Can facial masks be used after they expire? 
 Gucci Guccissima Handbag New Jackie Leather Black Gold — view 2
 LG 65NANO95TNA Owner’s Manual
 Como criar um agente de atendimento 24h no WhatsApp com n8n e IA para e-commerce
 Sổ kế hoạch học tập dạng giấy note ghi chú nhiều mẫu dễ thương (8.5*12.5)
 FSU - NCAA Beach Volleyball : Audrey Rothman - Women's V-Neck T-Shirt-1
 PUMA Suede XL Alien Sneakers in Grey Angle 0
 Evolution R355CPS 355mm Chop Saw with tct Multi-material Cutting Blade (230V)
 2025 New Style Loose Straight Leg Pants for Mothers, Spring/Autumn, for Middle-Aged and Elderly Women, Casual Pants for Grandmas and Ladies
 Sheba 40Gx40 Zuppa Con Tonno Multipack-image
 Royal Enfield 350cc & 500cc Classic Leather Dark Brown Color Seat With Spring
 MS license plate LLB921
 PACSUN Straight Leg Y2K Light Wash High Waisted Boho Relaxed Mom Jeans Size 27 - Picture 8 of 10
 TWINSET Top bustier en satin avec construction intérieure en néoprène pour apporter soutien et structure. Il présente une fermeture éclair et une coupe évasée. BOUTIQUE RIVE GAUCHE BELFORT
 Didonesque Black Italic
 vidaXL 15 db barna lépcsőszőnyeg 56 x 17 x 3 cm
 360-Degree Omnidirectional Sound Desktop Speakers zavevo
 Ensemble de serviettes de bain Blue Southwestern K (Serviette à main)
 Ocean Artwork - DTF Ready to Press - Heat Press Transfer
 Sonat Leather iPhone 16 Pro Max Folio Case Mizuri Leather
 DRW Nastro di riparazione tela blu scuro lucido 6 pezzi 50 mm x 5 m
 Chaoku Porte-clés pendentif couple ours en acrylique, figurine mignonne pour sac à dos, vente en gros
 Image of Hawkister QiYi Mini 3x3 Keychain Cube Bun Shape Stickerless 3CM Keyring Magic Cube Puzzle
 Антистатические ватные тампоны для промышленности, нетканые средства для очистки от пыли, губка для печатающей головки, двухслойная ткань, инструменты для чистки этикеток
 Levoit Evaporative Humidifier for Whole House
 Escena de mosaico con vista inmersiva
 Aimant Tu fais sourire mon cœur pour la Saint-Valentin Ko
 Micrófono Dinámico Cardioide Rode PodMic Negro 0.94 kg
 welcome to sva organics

-- -- --

**Task goal:**
Among the records above, find each line holding "Spring" and list it.

**Response:**
 2025 New Style Loose Straight Leg Pants for Mothers, Spring/Autumn, for Middle-Aged and Elderly Women, Casual Pants for Grandmas and Ladies
 Royal Enfield 350cc & 500cc Classic Leather Dark Brown Color Seat With Spring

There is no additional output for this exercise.